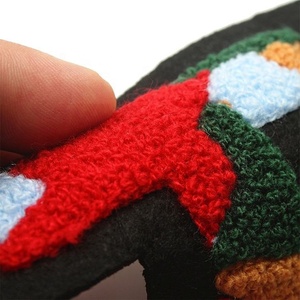 Toppe Ricamate con Lettere in Ciniglia Personalizzate all'Ingrosso con Logo di Grandi Marche e Ricamo Piatto - Product Image 4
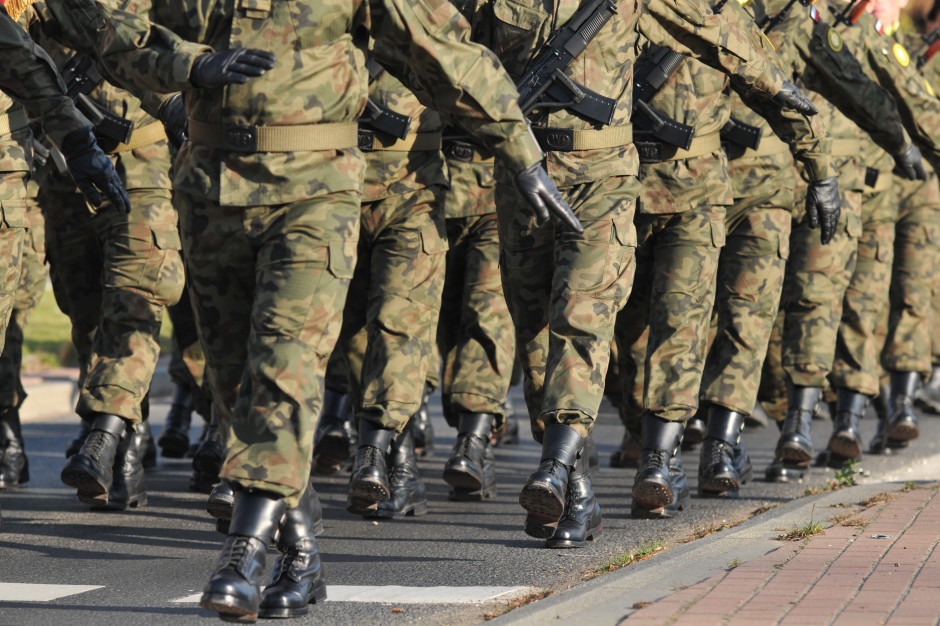 Ile godzin potrzeba, by z przeciętnego Kowalskiego zrobić żołnierza? Ekspert podaje minimum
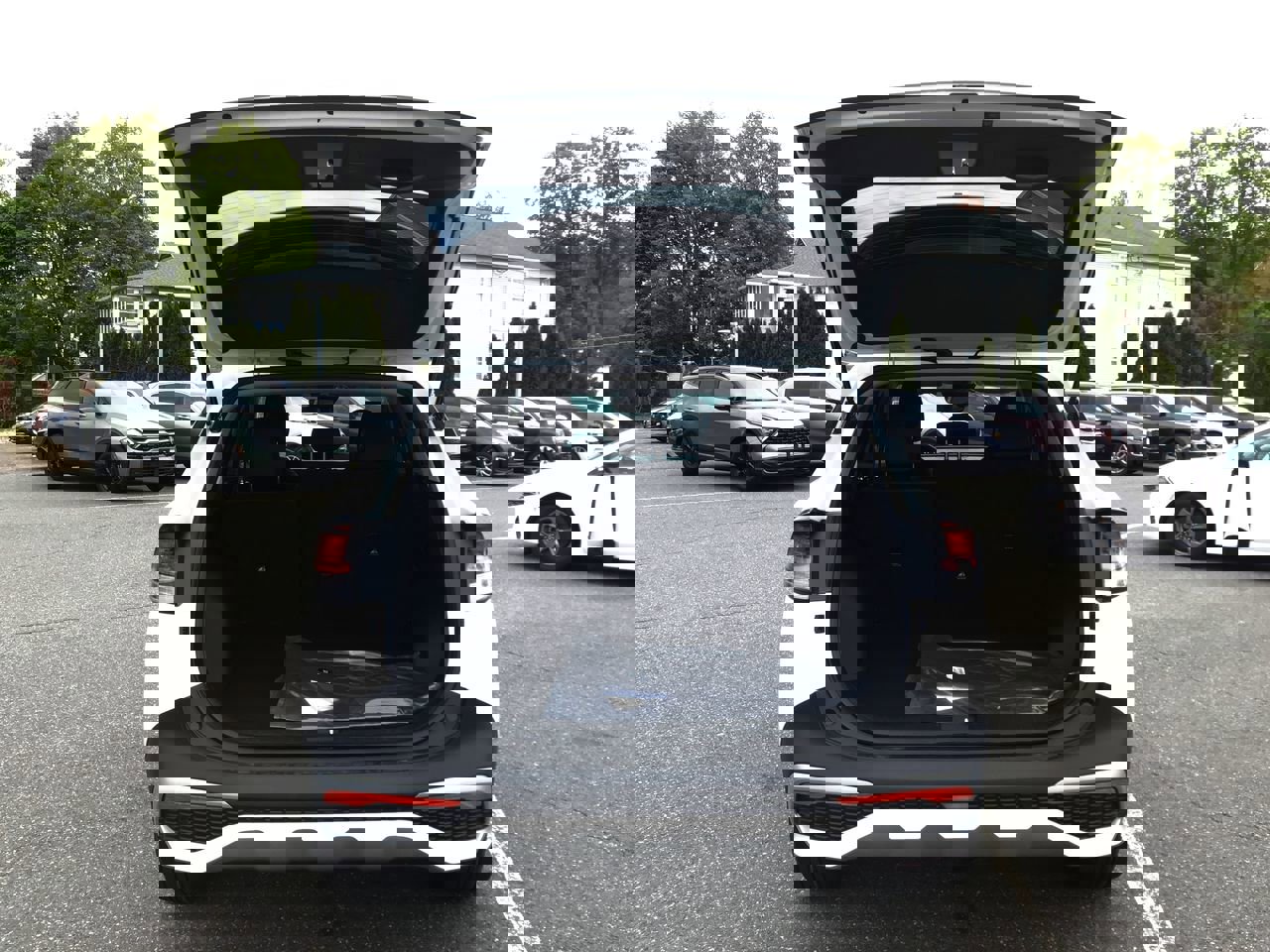 Certified 2023 Kia Sportage EX image 11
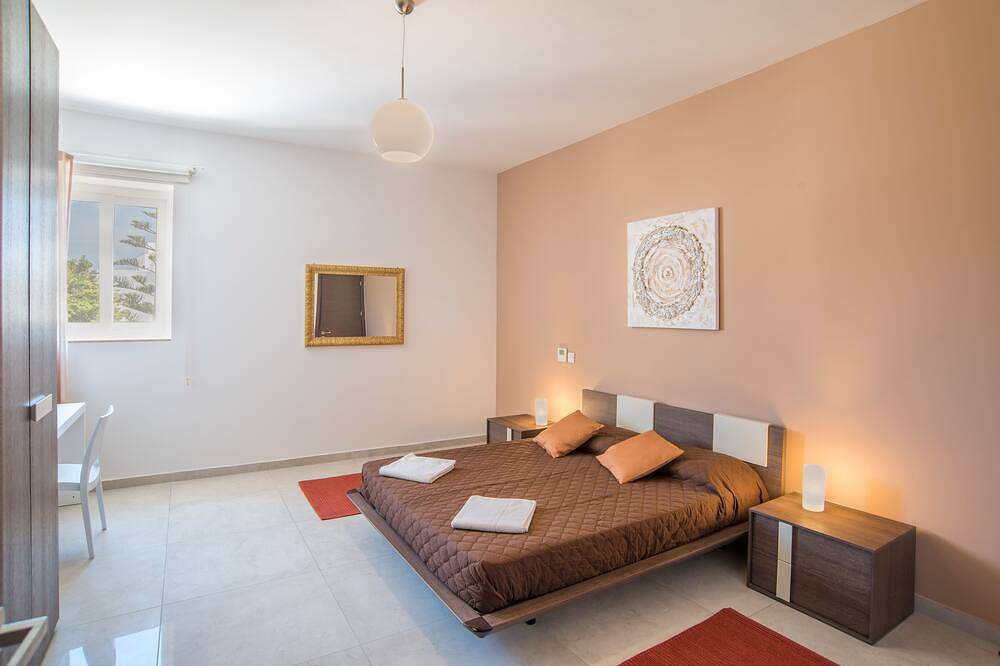 Ganze Wohnung, Nagelneue zeitgenössische Himmel-Landhäuser mit privatem Pool - die Ufergegend in Marsaskala, Insel Malta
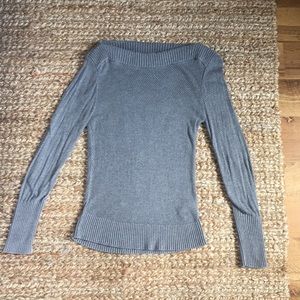 Long sleeve grey sweater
========
Keep the pictures out of your answer, which should be the lines from the one with "Ganze Wohnung, Nagelneue" through the final line of the data, copied exactly.

- Answer section:
 Ganze Wohnung, Nagelneue zeitgenössische Himmel-Landhäuser mit privatem Pool - die Ufergegend in Marsaskala, Insel Malta
 Long sleeve grey sweater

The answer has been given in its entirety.